Wanderausstellung über Sinti und Roma in der NS-Zeit

Aus Sicht der Opfer

Die Wanderausstellung über den »nationalsozialistischen Völkermord an den Sinti und Roma« ist in Berlin angekommen. Die Kontinuität des Antiziganismus in Deutschland wird nicht thematisiert.

Wir sind wie die Juden verfolgt worden.« So lautet die zentrale Aussage der Wanderausstellung »Der nationalsozialistische Völkermord an den Sinti und Roma« des Dokumentations- und Kulturzentrums Deutscher Sinti und Roma.

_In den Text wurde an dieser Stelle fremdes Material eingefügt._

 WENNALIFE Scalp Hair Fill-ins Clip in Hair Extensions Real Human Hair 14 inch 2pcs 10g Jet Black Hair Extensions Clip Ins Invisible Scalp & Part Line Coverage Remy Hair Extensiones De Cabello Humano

Die Ausstellung, die derzeit in der Berliner Staatsbibliothek gezeigt wird, dokumentiert die Verfolgungsgeschichte von Sinti und Roma im Nationalsozialismus. Sinti und Roma waren im NS von Anfang an aus rassistischen Motiven diskriminiert und entrechtet worden. Dies zu verdeutlichen, ist eines der Hauptanliegen der Ausstellungsmacher.

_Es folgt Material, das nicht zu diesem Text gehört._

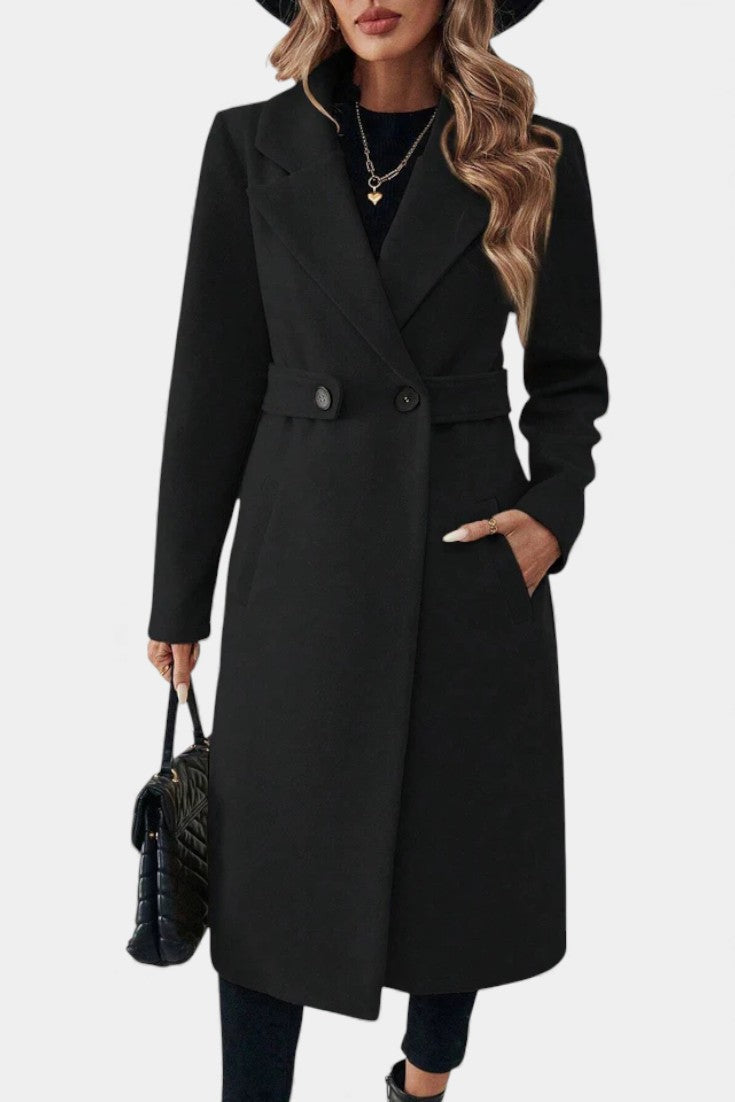 Hédia | Manteau Croisé Mi-Long à Revers Classiques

Bereits 1935 waren die Nürnberger Gesetze analog auf Sinti und Roma übertragen worden. Die Kommentatoren des so genannten Gesetzes zum Schutze des deutschen Blutes und der deutschen Ehre, Hans Globke und Wilhelm Stuckart, begründeten dies damit, dass neben den Juden und den »Negern und ihren Bastarden« auch die »Zigeuner« zu den »Trägern nichtdeutschen oder artverwandten Blutes« gehörten. Am 8. Dezember 1938 gab dann Heinrich Himmler öffentlich die »endgültige Lösung der Zigeunerfrage« - »aus dem Wesen dieser Rasse heraus« - bekannt.

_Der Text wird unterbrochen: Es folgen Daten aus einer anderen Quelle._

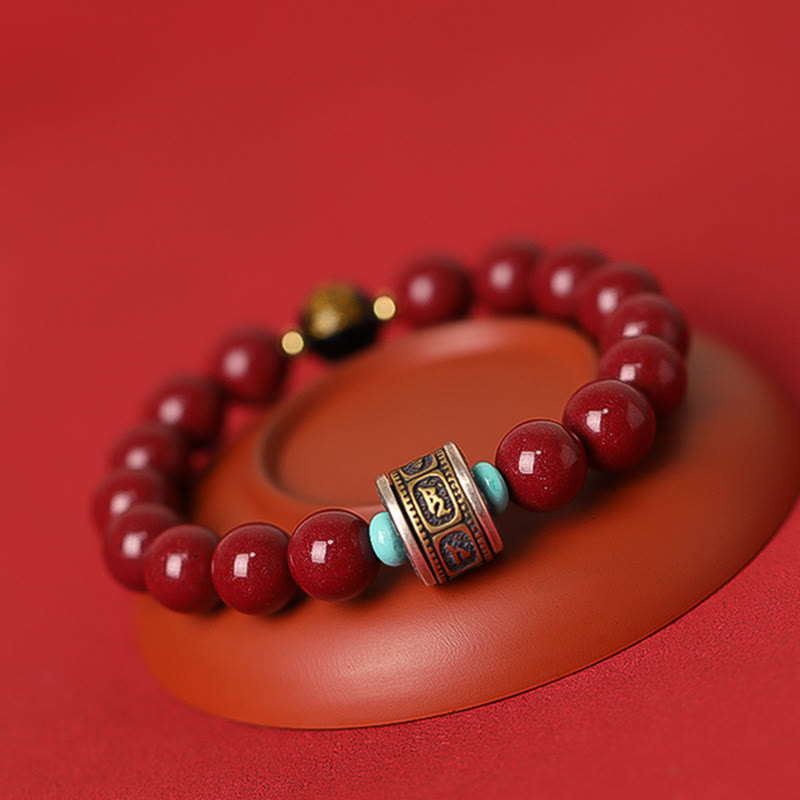 Bracelet calme en argent et cinabre avec symbole du zodiaque chinois de 10 mm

Diesen Worten folgten bald schon Taten. Im folgenden Jahr, am 16. Oktober 1939, ordnete Himmler an, dass alle deutschen Sinti und Roma ihre Wohnorte - viele von ihnen waren zu diesem Zeitpunkt bereits in speziellen »Zigeunerlagern« interniert - nicht mehr verlassen dürften. Kurz darauf, am 30. Januar 1940, wurde die Deportation der Sinti und Roma in das besetzte Polen beschlossen. Diese verzögerte sich zunächst wegen der Einsprüche des Generalgouverneurs Hans Frank. So waren im April 1940 bereits 2 500 deutsche Sinti und Roma nach Polen deportiert worden, die restlichen Opfer deportierten die Nazis erst zu Beginn des Jahres 1943 in das so genannte Zigeunerlager im Konzentrations- und Vernichtungslager Auschwitz, wo die meisten von ihnen ermordet wurden.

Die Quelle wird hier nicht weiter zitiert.